* _EXERCISE OBJECTIVE_: Could you print all the entries below exactly as they appear, omitting the pictures?

Data records
-=-=-=-=-

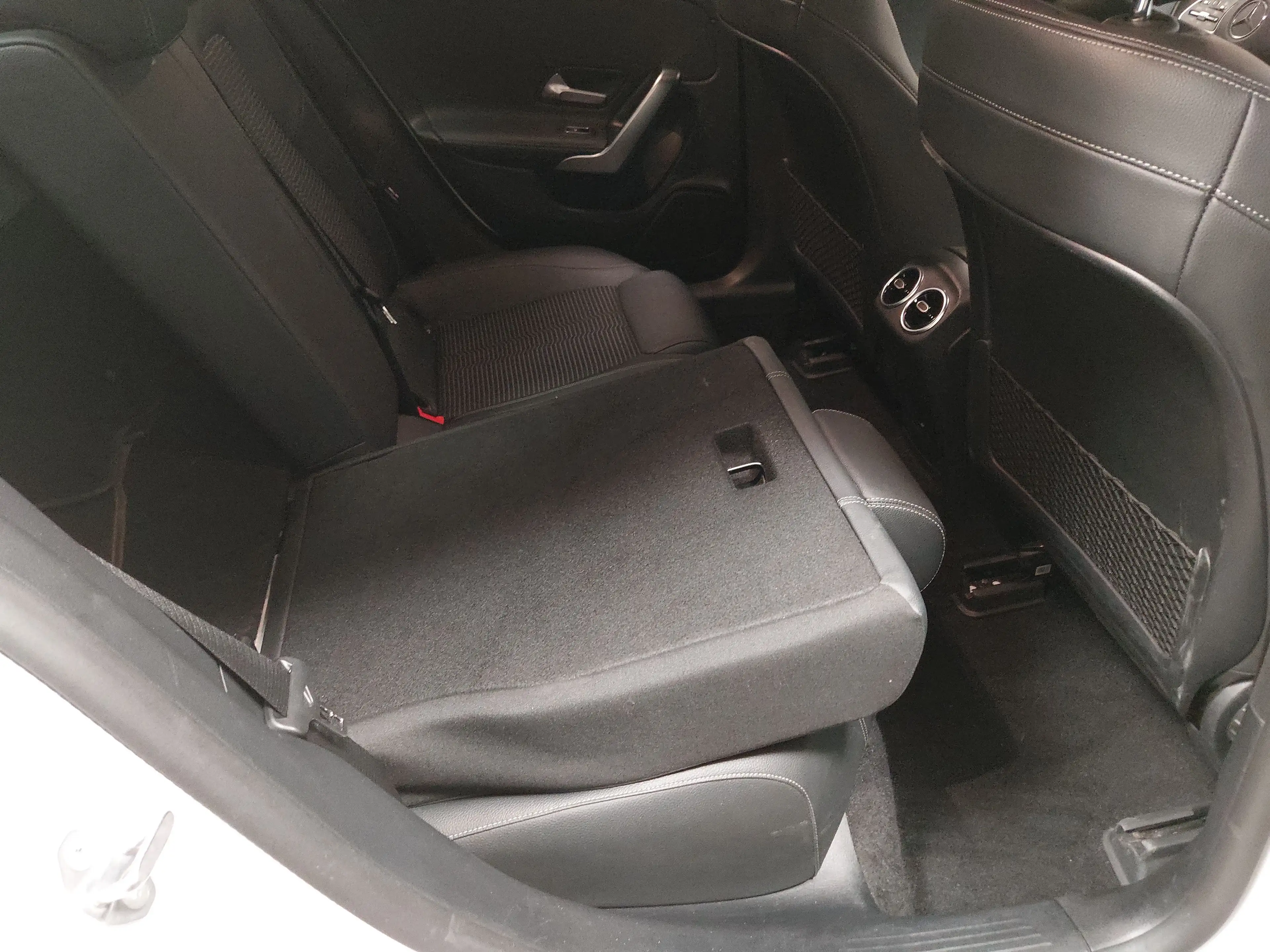 Mercedes-Benz CLA 200 CLA 200 NAVI KLIMAAUT LED RADIO TEMPO SHZ AHK KAMERA T-Leder — photo 11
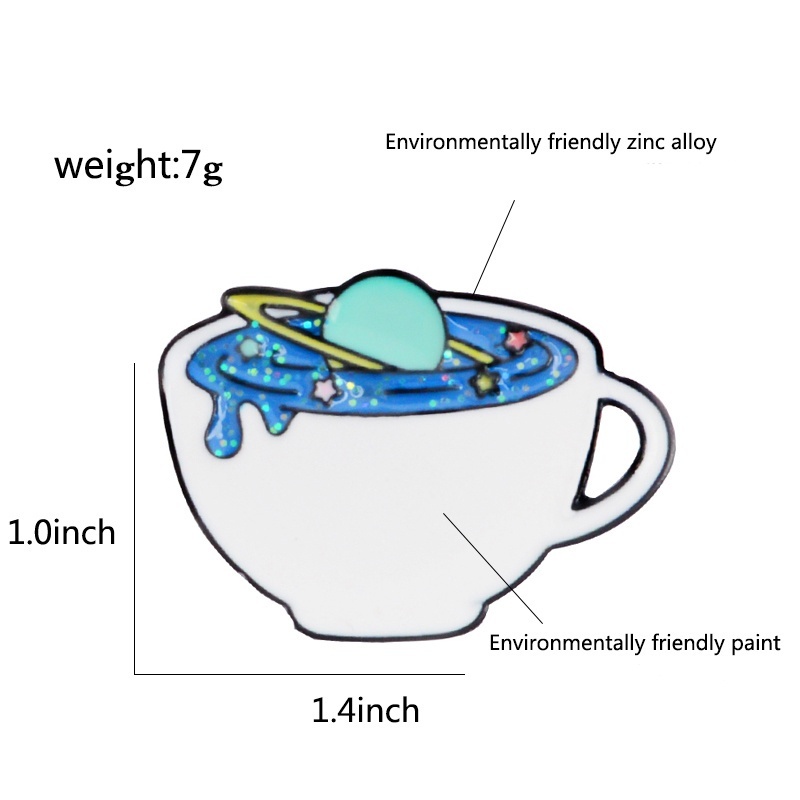 Pin cài áo ly cà phê chứa cả vũ trụ - GC090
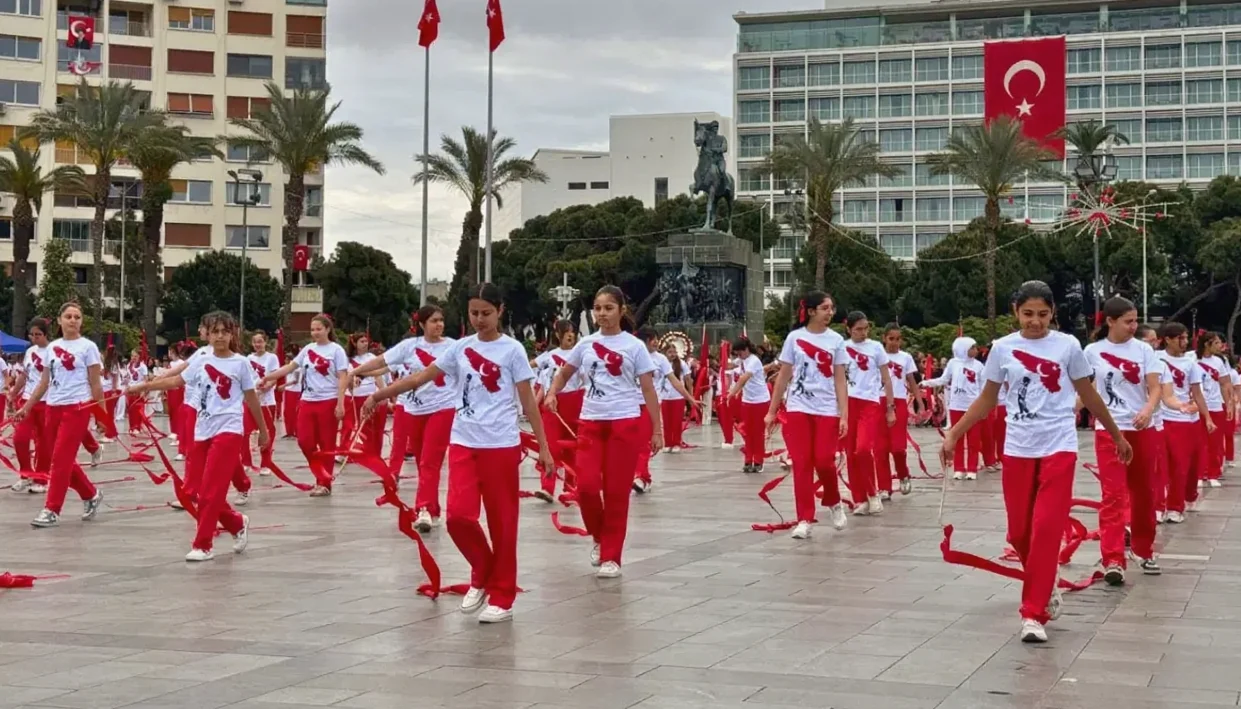 İzmir'de 23 Nisan Ulusal Egemenlik ve Çocuk Bayramı Kutlandı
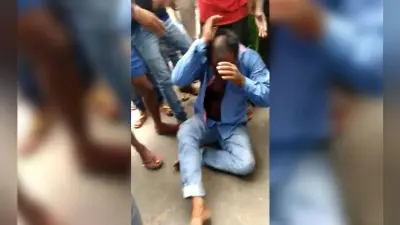 बच्चा चोर के संदेह में युवक को पीटा
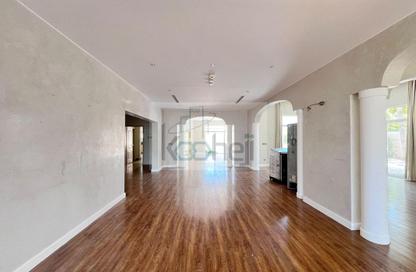 Villa - 7 - 7+ for rent in Saar - Northern Governorate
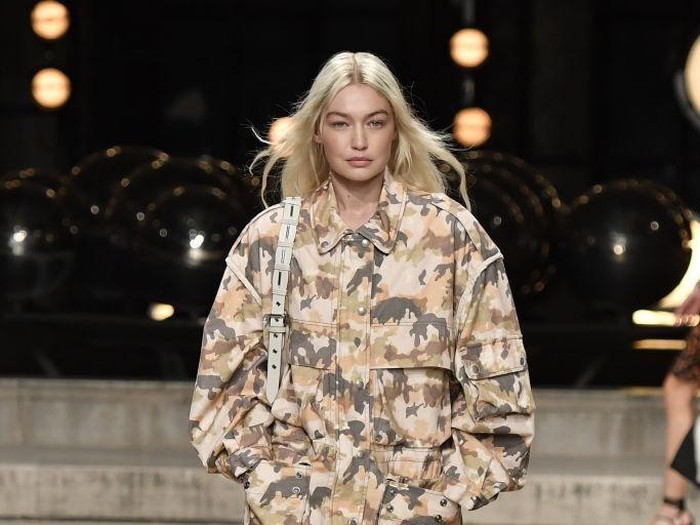 NEW YORK, NEW YORK - OCTOBER 09: Gigi Hadid is seen attending Bella Hadids birthday party at Lucalis on October 09, 2022 in New York City. (Photo by Gotham/GC Images)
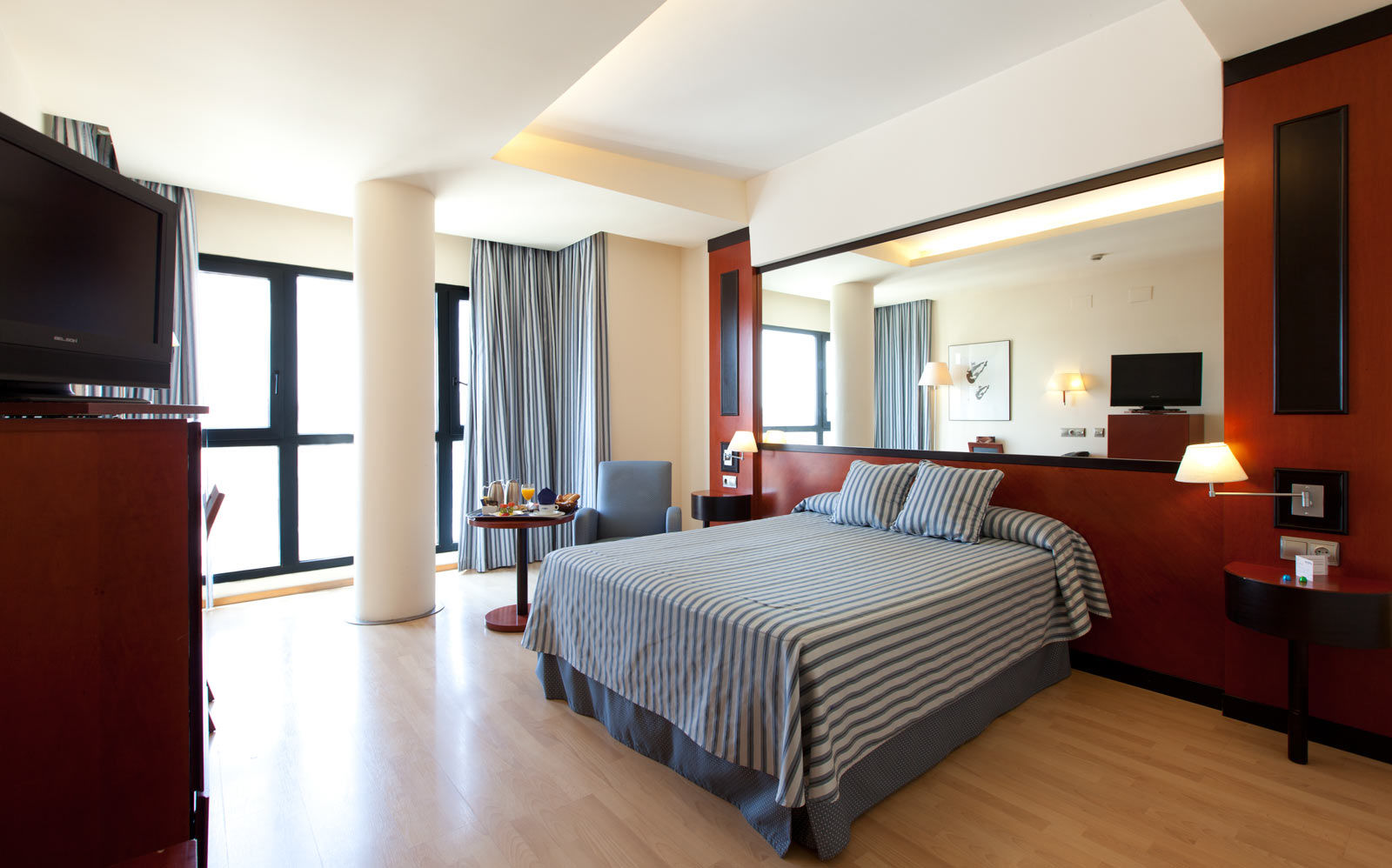 Hotel Olympia Valencia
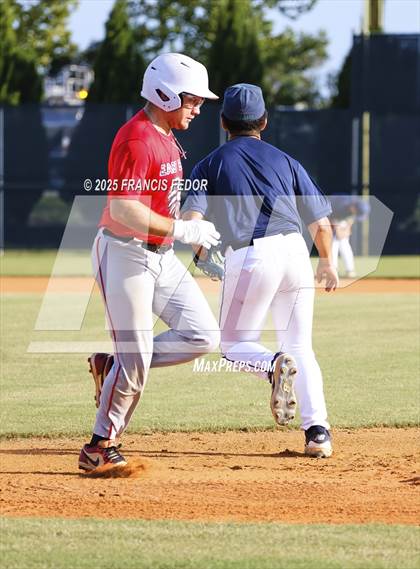 Thumbnail 1 in East Bay @ Sumner (Fall) photogallery.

-=-=-=-=-

* _TASK SOLUTION_:
 Mercedes-Benz CLA 200 CLA 200 NAVI KLIMAAUT LED RADIO TEMPO SHZ AHK KAMERA T-Leder — photo 11
 Pin cài áo ly cà phê chứa cả vũ trụ - GC090
 İzmir'de 23 Nisan Ulusal Egemenlik ve Çocuk Bayramı Kutlandı
 बच्चा चोर के संदेह में युवक को पीटा
 Villa - 7 - 7+ for rent in Saar - Northern Governorate
 NEW YORK, NEW YORK - OCTOBER 09: Gigi Hadid is seen attending Bella Hadids birthday party at Lucalis on October 09, 2022 in New York City. (Photo by Gotham/GC Images)
 Hotel Olympia Valencia
 Thumbnail 1 in East Bay @ Sumner (Fall) photogallery.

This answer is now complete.